The law in these cases, the court held, punishes “overt steps” taken towards committing a crime and not “the mere thought of committing an offense”. For instance, the court held that a failure to “delete or destroy or report” child pornography would allow the court to “indirectly” infer that the concerned individual intended to share or distribute it under Section 15(1).

In the January 11 verdict, the Madras HC had confined it’s ruling to Section 14 alone and held that “mere possession” of child pornography would not violate the provision “since he has not used a child or children for pornographic purposes”.

The court had also held that the offences under the POCSO Act could only be made out if the accused had transmitted or published the material, and there was no evidence to suggest that this took place.

The Supreme Court in turn expanded the definition of “possession” in child pornography cases to include cases where the individual may not have physical possession of child pornographic material, but they have “the power to control the material in question and the knowledge of exercise of such control”. The court termed this “constructive possession” and held that “viewing, distributing or displaying” such material would still amount to it being in the accused’s “possession” under Section 15.

Justice Pardiwala provided some illustrations of such possession. On viewing child pornography, he said: “Say for instance, ‘A’ routinely watches child pornography over the internet, but never downloads or stores the same in his mobile.

Here ‘A’ would still be said to be in possession of such material, as while watching he exercises a considerable degree of control over such material including but not limited to sharing, deleting, enlarging such material, changing the volume etc.
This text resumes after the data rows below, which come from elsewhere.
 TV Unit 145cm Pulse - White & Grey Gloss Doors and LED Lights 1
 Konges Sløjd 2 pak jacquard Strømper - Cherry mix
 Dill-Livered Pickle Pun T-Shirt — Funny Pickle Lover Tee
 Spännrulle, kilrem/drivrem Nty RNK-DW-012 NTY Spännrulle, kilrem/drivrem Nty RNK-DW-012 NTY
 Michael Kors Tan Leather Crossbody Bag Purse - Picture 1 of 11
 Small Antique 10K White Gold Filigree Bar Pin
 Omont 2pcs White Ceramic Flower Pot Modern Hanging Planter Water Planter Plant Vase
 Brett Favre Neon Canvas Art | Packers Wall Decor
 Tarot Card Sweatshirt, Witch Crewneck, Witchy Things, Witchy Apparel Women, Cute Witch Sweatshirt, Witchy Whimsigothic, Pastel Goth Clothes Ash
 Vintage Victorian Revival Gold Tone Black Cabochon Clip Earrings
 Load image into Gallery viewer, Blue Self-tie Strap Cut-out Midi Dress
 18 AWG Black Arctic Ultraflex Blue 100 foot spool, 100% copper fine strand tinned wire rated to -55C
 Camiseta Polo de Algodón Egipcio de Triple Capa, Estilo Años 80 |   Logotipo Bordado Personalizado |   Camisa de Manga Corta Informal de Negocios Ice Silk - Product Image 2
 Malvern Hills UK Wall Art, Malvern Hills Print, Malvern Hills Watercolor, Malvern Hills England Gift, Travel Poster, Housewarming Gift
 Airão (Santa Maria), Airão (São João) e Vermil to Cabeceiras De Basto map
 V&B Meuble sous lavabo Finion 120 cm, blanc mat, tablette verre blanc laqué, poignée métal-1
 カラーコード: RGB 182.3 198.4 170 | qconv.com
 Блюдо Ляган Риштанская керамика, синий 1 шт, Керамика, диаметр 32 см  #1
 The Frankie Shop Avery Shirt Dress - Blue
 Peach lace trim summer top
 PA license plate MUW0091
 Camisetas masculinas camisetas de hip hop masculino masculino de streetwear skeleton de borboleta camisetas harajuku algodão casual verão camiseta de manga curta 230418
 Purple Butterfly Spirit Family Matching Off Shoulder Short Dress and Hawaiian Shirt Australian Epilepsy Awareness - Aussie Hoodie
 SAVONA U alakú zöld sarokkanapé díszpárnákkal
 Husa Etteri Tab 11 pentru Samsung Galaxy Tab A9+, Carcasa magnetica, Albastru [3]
Furthermore, since he himself on his own volition is viewing such material, he is said to have knowledge of having control over such material.”

Another illustration dealt the responsibility of an individual who receives child pornography unwittingly from an external source: “For instance, say, ‘A’ is sent an unknown link by ‘B’, which upon clicking opens a child pornographic video on the phone of ‘A’. Now if ‘A’ immediately closes the link, although once the link is closed ‘A’ is no longer in constructive possession of the child pornography, this by itself does not mean that ‘A’ has destroyed or deleted the said material by merely closing the link. ‘A’ will only be absolved of any liability if he after closing the link further reports the same to the specified authorities”.

This puts emphasis on reporting of child pornographic content. The penalty for not reporting is a fine “not less than five thousand rupees and in the event of second or subsequent offence, with fine which shall not be less than ten thousand rupees.”

The court also held that the offence under Section 15 will apply even if the accused does not have physical possession of child pornography at the time when the FIR is filed. Charges can be made if it is established that the accused possessed child pornographic material “at any point”.

The court held that the intention of an accused can be determined based on the “manner in which such material is stored or possessed and the circumstances in which the same was not deleted, destroyed or reported”. From these actions and circumstances, the court will determine intention of the accused.

The court also cautioned the police and courts from limiting their inquiry to one of the sub-sections under Section 15. Even if an offence under one sub-section is not made out, the court held that the police and courts must not “jump to the conclusion” that there is no offence at all. Instead, the police must see if an offence has been out in one of the other sub-sections.